■ Supplied material
'''
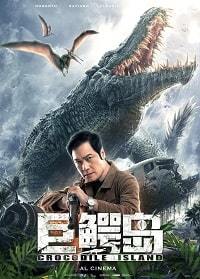 Крокодилий остров / Остров крокодилов (2020) Ju e dao / Crocodile Island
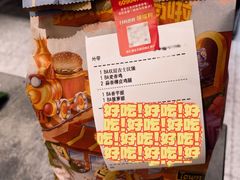 -麦当劳(徐汇漕溪北路百脑汇店)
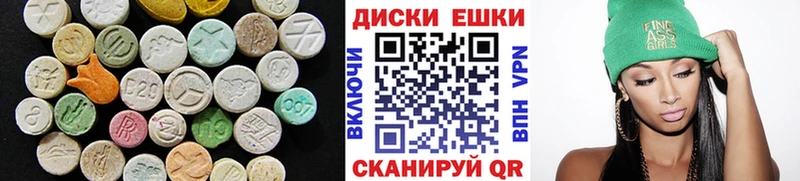 сколько стоит  kraken сайт  Ecstasy mix  Сосновоборск 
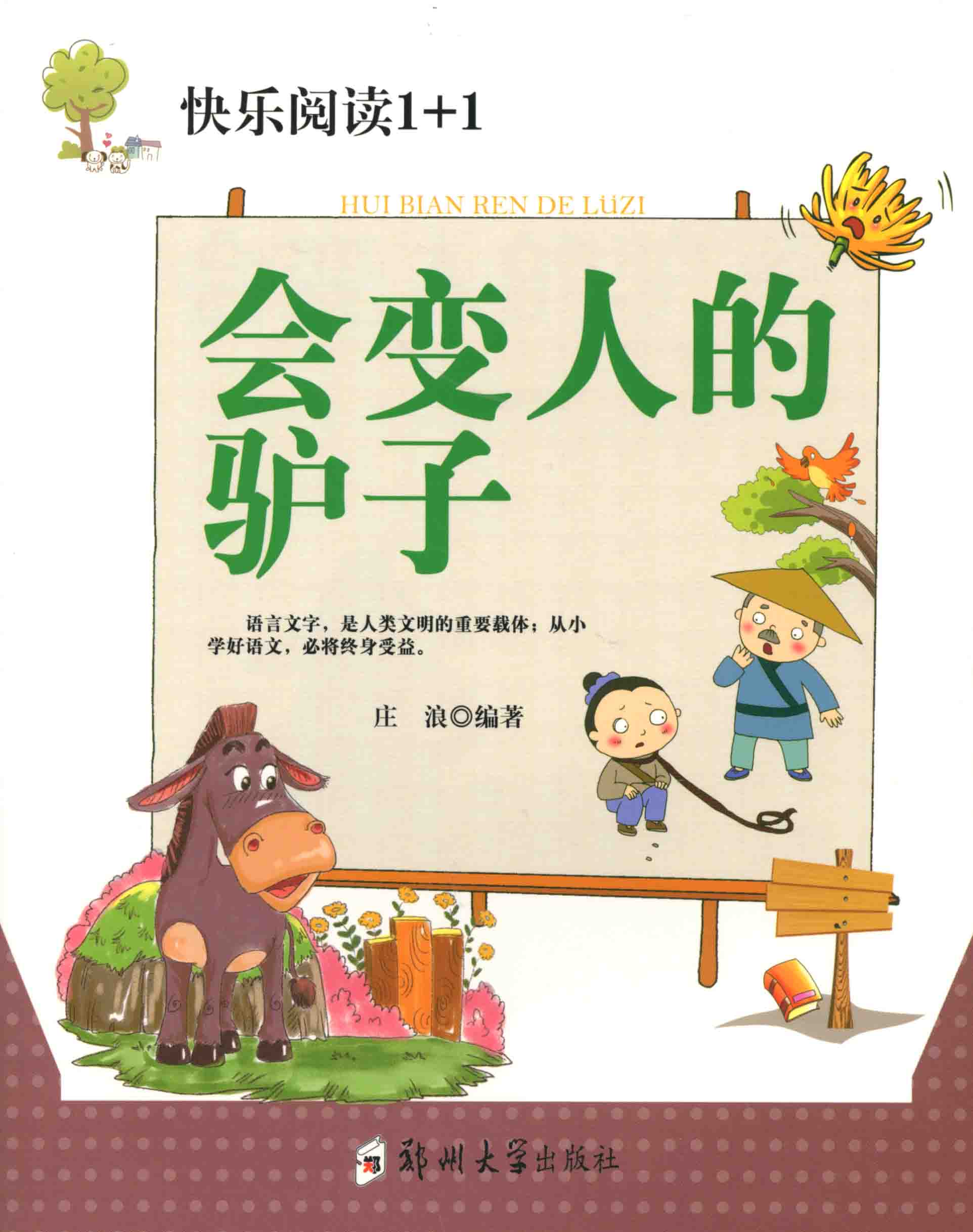 會變?nèi)说捏H子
'''
■ Task statement
Repeat the data word for word, excluding any image.

■ Output for this task
 Крокодилий остров / Остров крокодилов (2020) Ju e dao / Crocodile Island
 -麦当劳(徐汇漕溪北路百脑汇店)
 сколько стоит  kraken сайт  Ecstasy mix  Сосновоборск 
 會變?nèi)说捏H子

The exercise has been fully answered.